Subsidiairement, en cas de rejet des demandes au titre du congé avec refus de renouvellement du bail commercial,

– Juger la SCI bien fondée à reprocher à la SHCI et la SIFH un manquement dans l’exécution de leur obligation d’entretien de l’ensemble du bardage des façades, des garde-corps et mains courantes des balcons, des défauts de fonctionnement de la ventilation mécanique contrôlée et de l’absence de rénovation des salles de bains des chambres d’hôtel ;

En conséquence,

– Condamner solidairement la SIFH et la SHCI à faire réaliser les travaux de réfection de l’ensemble du bardage des façades, des garde-corps et des mains courantes des balcons, de la ventilation mécanique contrôlée des chambres d’hôtel et des salles de bains desdites chambres d’hôtel listé dans le rapport d’expertise de M. [F] sous astreinte de 500 euros par jour de retard à compter de l’expiration d’un délai de deux mois suivant la signification de l’arrêt à intervenir ;

Subsidiairement,

– Ordonner avant dire droit une mesure d’expertise et désigner pour y procéder tel expert idoine avec mission de :

– Se rendre sur les lieux litigieux situés à [Localité 6] ([Localité 6]) – lieudit « [Adresse 5] ». Les visiter et les décrire ;

– Prendre connaissance des conventions intervenues entre les parties ainsi que de tous documents pertinents. Dresser un bordereau des pièces produites par les parties ;

– Entendre les parties en leur dires et explications ;

– Déterminer le périmètre et la consistance des lieux loués ;

– Dire si les lieux loués présentent des désordres et défauts de quelque nature qu’ils soient et distinguer le cas échéant ceux imputables à un défaut d’entretien, de réparation ou de rénovation imputables au preneur de ceux affectant le gros ‘uvre susceptible d’être imputés au bailleur ;

– Préconiser les travaux propres à réparer les désordres et défauts constatés.

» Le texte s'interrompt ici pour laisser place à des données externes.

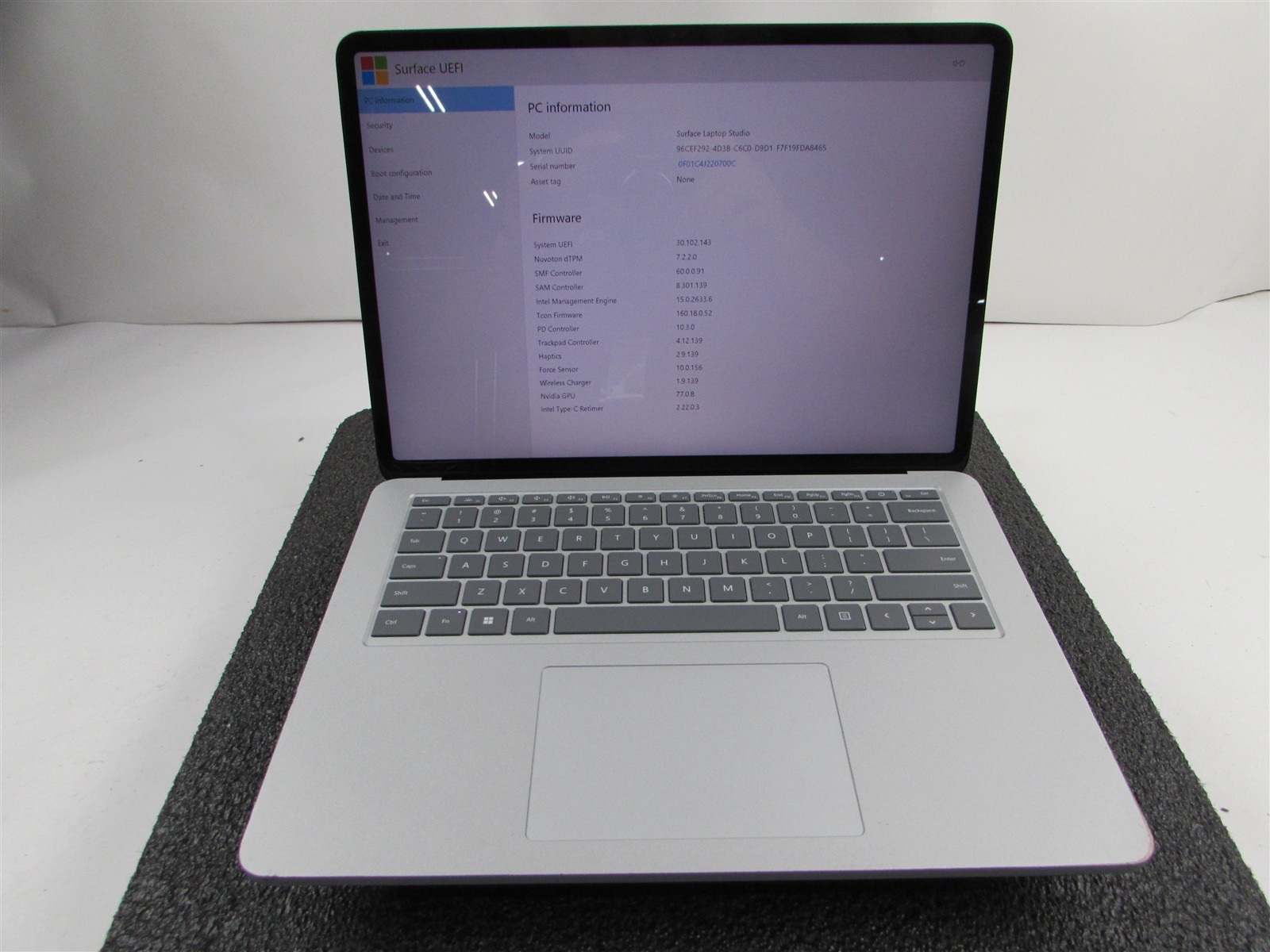 Microsoft Surface Laptop Studio 1964 i7-11370H 1TB SSD 32GB RTX A2000 *No A/C*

Chiffrer le coût et la durée des dits travaux ;

– Donner à la cour tous éléments pour apprécier les préjudices subis par l’une ou l’autre des parties de quelque nature qu’ils soient ;

– Établir un pré rapport et impartir aux parties un délai pour faire valoir leurs observations à l’issue duquel délai il déposera son rapport ;

Plus subsidiairement, en cas d’invalidation du congé avec refus de renouvellement et de rejet de la demande de résiliation du bail commercial et de rejet de la demande d’exécution de travaux,

– Juger inopposables les rapports d’expertise privés de M. [R] du 31 juillet 2017 et de M. [J] du 15 octobre 2021 ;

– Débouter la SHCI de sa demande d’indemnité d’éviction à défaut par elle de justifier du préjudice causé par le défaut de renouvellement de son bail commercial ;

Subsidiairement,

– Fixer le montant de l’indemnité d’éviction à la somme totale de 400.000 euros ou à maxima de 520 000 euros, outre les frais de déménagement et de licenciement ;

– Fixer l’indemnité d’occupation à la somme annuelle égale au dernier loyer courant indexé dans les conditions du bail, hors charges, à compter du 1er décembre 2017 et jusqu’à la date de libération des lieux ;

– Dire que ladite indemnité d’occupation sera majorée des charges, taxes et accessoires applicables en vertu des stipulations du bail commercial sous déduction d’un abattement de précarité de 5 % ;

– Juger que l’indemnité d’occupation sera indexée chaque année en fonction de la variation de l’indice INSE du coût de la construction et pour la première fois le 1er décembre 2018 ;

– Juger que les intérêts échus depuis plus d’un an porteront eux-mêmes intérêt au taux légal en application de l’article 1343-2 du code civil ;

– Débouter la SHCI et la SIFH de leur demande au titre de l’article 700 du code de procédure civile en appel.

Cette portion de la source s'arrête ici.